Hence, with the full drug development process taking from ten to eighteen years and costing $40,000 to $50,000 per patient, the data science solution could trim up to four years from the process and offers savings of as much as 10% of total costs.
Monitoring by Clinical Research Organization (CRO)
Traditionally monitoring of 100% source data verification was performed in clinical research by the CRO team. As this is a cost consuming and time-consuming process, the new ICH-GCP guidelines have introduced a lean approach to clinical monitoring. This involves monitoring on the basis of risk or Risk-Based Monitoring (RBM).
FDA defines RBM as, “This guidance assists sponsor of clinical investigations in developing risk-based monitoring strategies and plans for investigational studies of medical products, including human drug, biological products, medical devices, and combinations thereof. The overarching goal of this guidance is to enhance human subject protection and the quality of clinical trial data by focusing on sponsor oversight on the most important aspects of study conduct and reporting.”

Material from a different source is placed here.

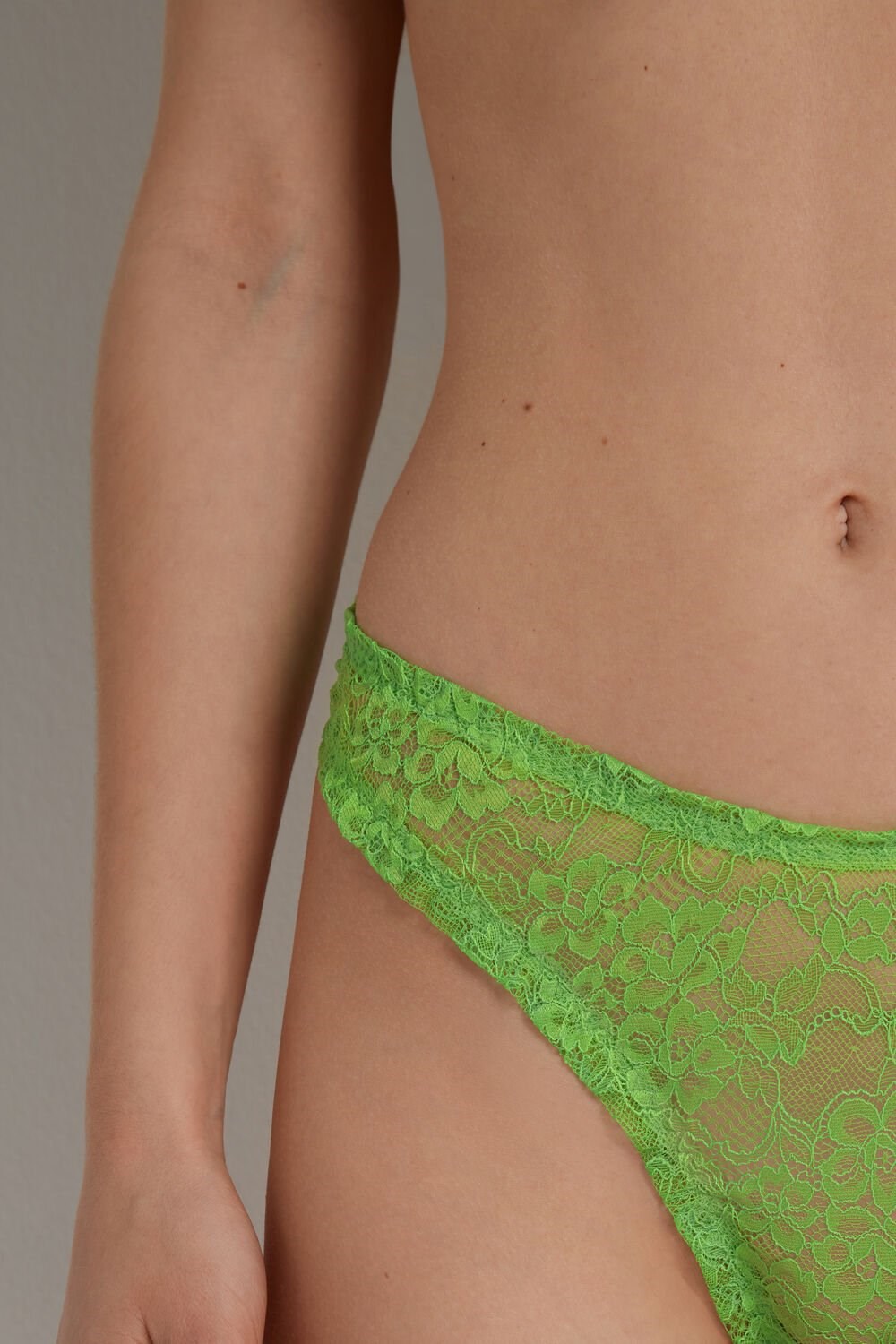 Tezenis High-Cut Gathered Koronkowe Brazilian Panties Zielone Zielone | 4750-ATEGW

Data science tools and techniques can help to integrate data from various systems, and effectively analyze and track the issues and risks in a timely manner which might be overseen by humans.

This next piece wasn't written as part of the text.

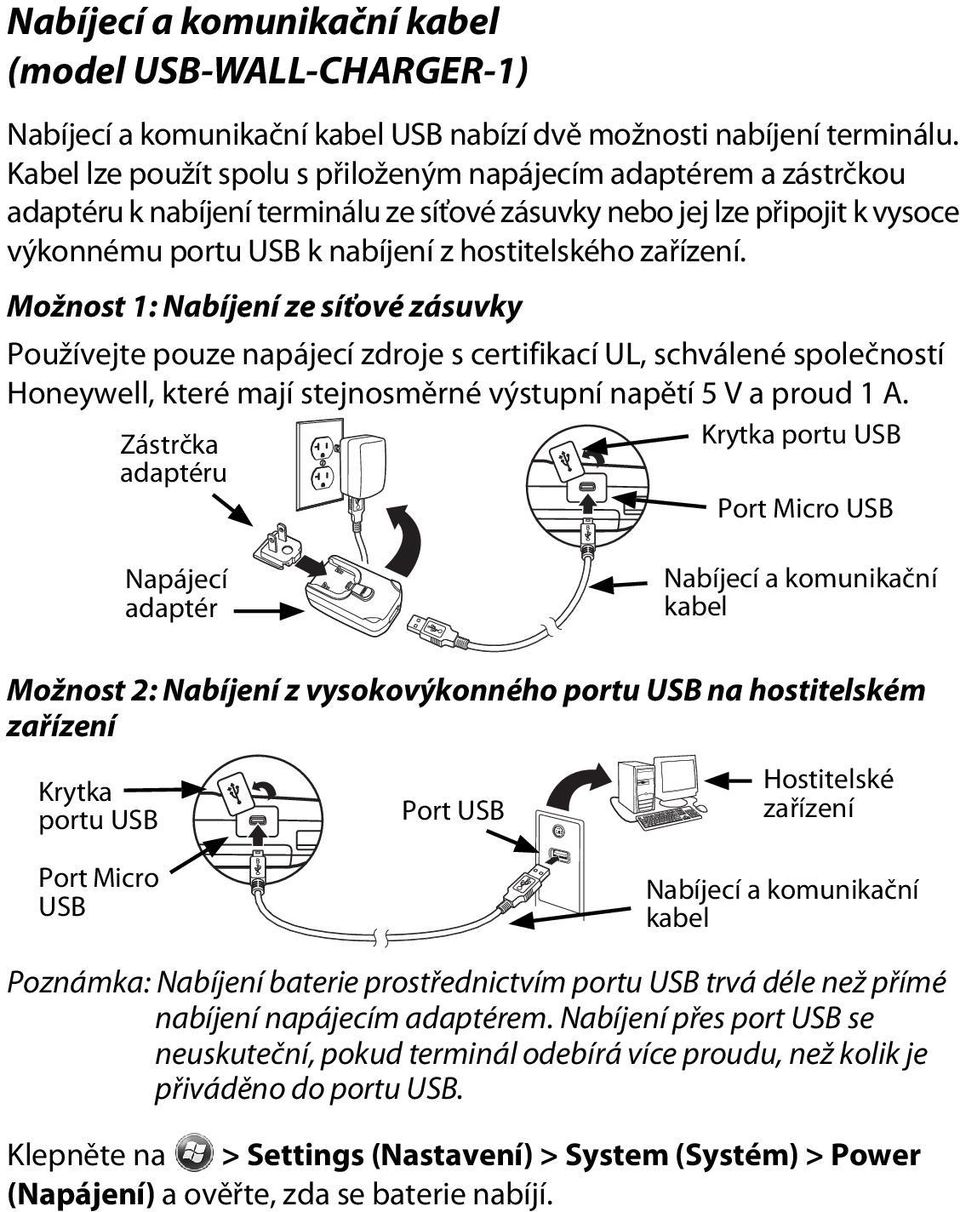 zařízení. Možnost 1: Nabíjení ze síťové zásuvky Používejte pouze napájecí zdroje s certifikací UL, schválené společností Honeywell, které mají stejnosměrné výstupní napětí 5 V a proud 1 A.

Site selection with the required population pool
Site selection having the population pool as required by the protocol is one of the biggest challenges faced by the CRO. This can be overcome by AI and ML tools that identify and suggest the sites based on the highest recruitment potential and using appropriate recruitment strategies. This involves mapping patient populations and proactively targeting sites with high predicted potential to deliver the most patients.
Identifying and recruitment of patients
Identifying patients and recruitment are one of the crucial issues faced by most of the CRO which leads to crossing the initially accepted study guidelines. This happens mainly because the patient pool is tracked and recruited during the study. Due to medical conditions and other events, the patient might get dropped out before the study completes. This dropout rate can be reduced by AI as it can help in reducing the population heterogeneity during the enrollment phase itself. By analyzing the medical history and the protocol requirements, the data science tools can predict whether the patient would complete the study endpoints.
To ensure drug safety, a huge amount of structured and unstructured data has to be analyzed. Hence, AI and ML technologies could address many of the challenges faced and provide new insights into drug safety.
Artificial intelligence can hence play a vital role in each stage of the phases and help the manufacturers to reduce the cost of clinical research. A better treatment is also possible by analyzing the huge data produced during each stage from the available repositories. This can also help to provide a better design of the study.